I used to be so scared of every disease. I was a hypochondriac. I learned about leprosy when I was about six and I didn’t understand that it wasn’t really a thing anymore. My grandma took us out on her boyfriend’s boat – because my grandma was a total pimp and had a bunch of boyfriends – and told us about it and I was so terrified because we were on the ocean passing islands and thought that I would catch it somehow. I went home from that trip and physically made myself sick worrying about it. I thought I had leprosy and my mum was like, ‘What’s wrong? Why are you so upset?’

I can relate to that. You know, I imagine your apartment to be like this.
It’s getting there. But I believe in energy and I’d be afraid to have this kind of energy where I’m living. I definitely have a lot of old antiques and etchings and anatomical things.

When was the earliest time you can remember getting into gothic or darker things?
I was always a weird kid. When I was three or four, still in a crib, we had our Halloween decorations up and there was a blow-up skeleton and I literally slept with it in there. My mum said when we went to the library I’d always pick up the skeleton books and on the top floor of the children’s section there was this pop-up haunted house book that I’d always have to ask someone to bring it down for me because it was too high and I couldn’t reach it. I’ve been drawn to things like this for no reason… Probably a past life.

I was just thinking that.
Do you have any hint at what you might have been in any past lives?

Not really. I’ve always felt drawn to Tudor era England and just after, but maybe that’s because it’s so bloody and dramatic. My mum and I had a bonding session at the Tower of London last weekend.
See, I wouldn’t pick that era. It’s specific for different people so I really think there’s something in it.

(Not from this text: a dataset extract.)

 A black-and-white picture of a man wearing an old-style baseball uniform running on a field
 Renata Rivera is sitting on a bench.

I couldn’t be sure I wasn’t imagining it though. I used to be a compulsive liar as a kid, but it was more fun storytelling. Hour-long epic tales. At about five I showed a family friend’s kid this cage and said that the children who’d lived in my house before me had died in there and were buried ‘on the grounds’ AKA our garden.
I love that. You were trolling people at age five. I had something similar. There was this girl in preschool who had a broken arm and for some reason I thought the casts were so cool and I wanted one. I had a gym sweatband that was for a four year old’s arm, and wore it around telling people I’d sprained my wrist and this one girl who actually had a sprained wrist was like, “Get the fuck outta here.” That was one of my little lies.

What would your job be, creative and non-creative, if it wasn’t PVRIS?
Creative: I’d love to work in film and do cinematography. Non-creative: something morbid. Maybe a groundskeeper for a cemetery or this. Or maybe a history teacher. I’d make it interesting though because I didn’t like it in grade school. My history teacher later on was one of my best friend’s dads and he did a good job of making the subject comical for annoying high schoolers who didn’t want to learn. I remember learning about the Tudors and he turned it into a big soap opera.

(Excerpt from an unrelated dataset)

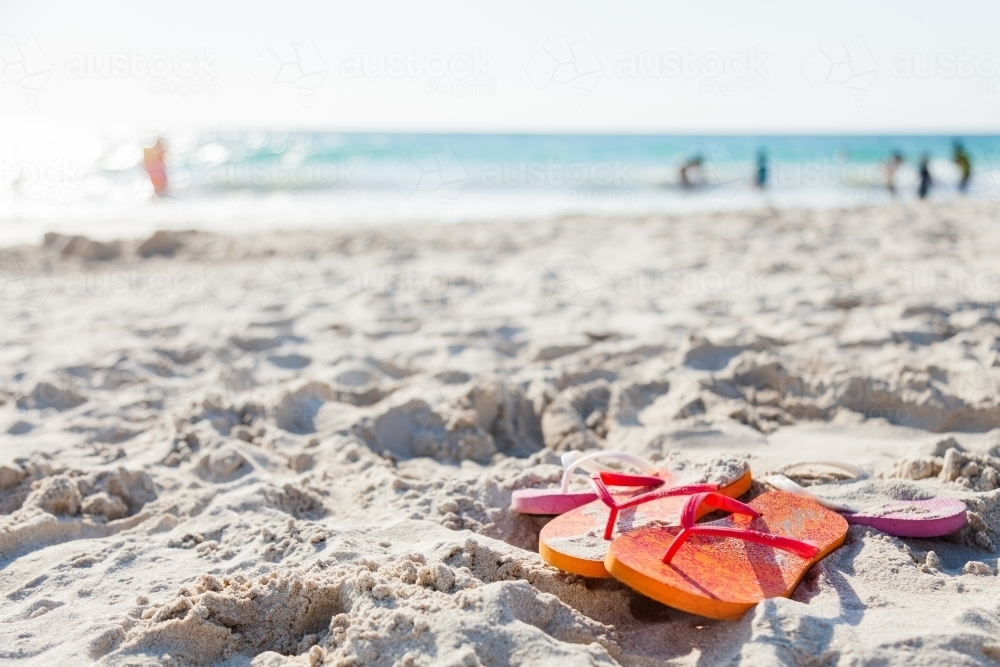 Orange and pink thongs left on sand at busy beach - Australian Stock Image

You don’t have to try hard with that lot. Oh fuck, they put this cane in your mouth instead of anesthetic so you can bite it when they’re sawing you open.
Ewwww. I must’ve been around during the black plague or something because I’m so scared of it. My hairdresser’s friend actually does past life regression therapy and you go under hypnosis and in that state you rattle off whatever you see. My hairdresser got it done and said she was standing over a bunch of dead bodies and came to the conclusion that she was a serial killer in the 1800s. She could’ve been Jack The Ripper or H H Holmes. Did you learn about H H Holmes?

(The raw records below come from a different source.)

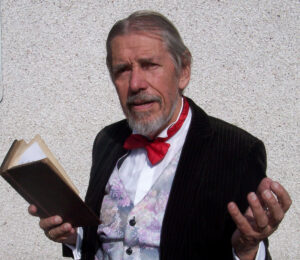 Photo of Chris Foote-Wood reading Charles Dickens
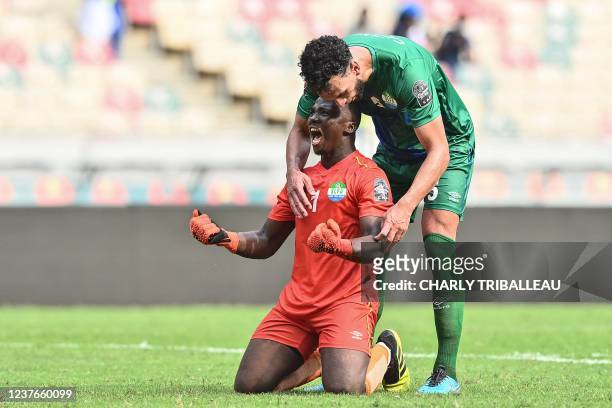 Sierra Leone's goalkeeper Mohamed Nbalie Kamara and Sierra Leone's defender Steven Caulker react after a draw in the Group E Africa Cup of Nations...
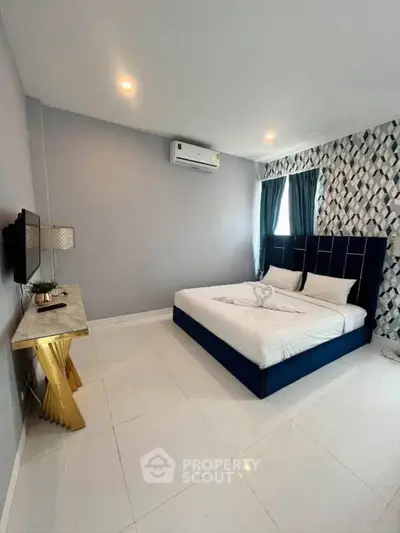 Modern bedroom with stylish decor and air conditioning in a contemporary apartment.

No, I don’t know much about serial killers actually.
They think Jack The Ripper and H H Holmes might be the same person. Holmes changed his identity a bunch of times and was constantly relocating. He built this massive hotel in Chicago with all these death traps and hidden doorways and stuff. He killed possibly hundreds of people there.

Lynn, this has been the sweetest and creepiest date and interview chat.
I know. Best date ever. First date ever – technically.